The test to determine whether a vested right is obtained in such a situation is laid down in Winn v. Corporation, 100 N.H. 280, 281, where we stated: "It seems to us that the better view and the one more likely to produce justice is that where the owner, relying in good faith upon a permit and before it has been revoked, has made substantial construction on the property or has incurred substantial liabilities relating directly thereto, or both, the permit may not be cancelled." (Emphasis supplied). In Brady v. Keene, 90 N.H. 99, quoted approvingly in the Winn case, the plaintiff, relying upon an amendment to an existing ordinance, had in good faith removed some shrubbery and cut down a few trees preparatory to erecting a filling station. He had also entered into negotiations for a lease relating to the same property. The ordinance was then further changed so that the land was rezoned as residential, and he was denied permission to go ahead with the erection of the filling station. The court there said that in its opinion the plaintiff "had not done enough in relation to his property" to obtain a vested right to continue with the forbidden use. Id., 101. It further stated that his expenses "in relation to the cost of erecting and equipping a filling station . . . were clearly insignificant." Id., 102. By the same token, applying these principles to the present case, it appears to us that the defendants' expenditures, in proportion to the ultimate cost of a supermarket, are not of great significance, nor could they have relied implicitly upon the conditional permit.

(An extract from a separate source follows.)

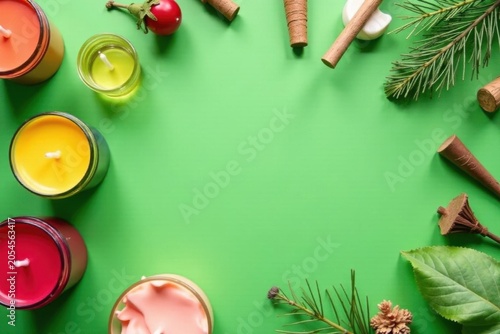 Assorted candle making materials flat lay on vibrant green , home fragrance, tools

It is apparent that they have not met the requirements necessary to gain a vested right, and their claim to such must be rejected.
III. The defendant's final contention is that since the ordinance did not specifically revoke the conditional permit issued to them on March 16 to construct a supermarket, it must be held that no revocation was effected. We do not believe this contention requires extended consideration. The defendants cite no supporting authority, and while the question has not been squarely raised before in similar cases here (see Winn v. Corporation, supra; Brady v. Keene, supra), it seems to have been assumed that no specific revocation of an outstanding permit is required in order that an ordinance may become applicable to property which falls within its scope. No necessity for detailed reference in such legislation to existing permits appears to exist. Furthermore, in the present case the record makes it abundantly clear that there was no thought of specifically exempting the defendants from the operation of the enactment.
In conclusion, we cannot say that the ordinance is invalid upon any of the grounds urged by the defendants or that it does not apply to their property. The result reached renders unnecessary consideration of other questions, and the order is
Temporary injunction made permanent.
KENISON, C. J., dissented as to part I; the others concurred.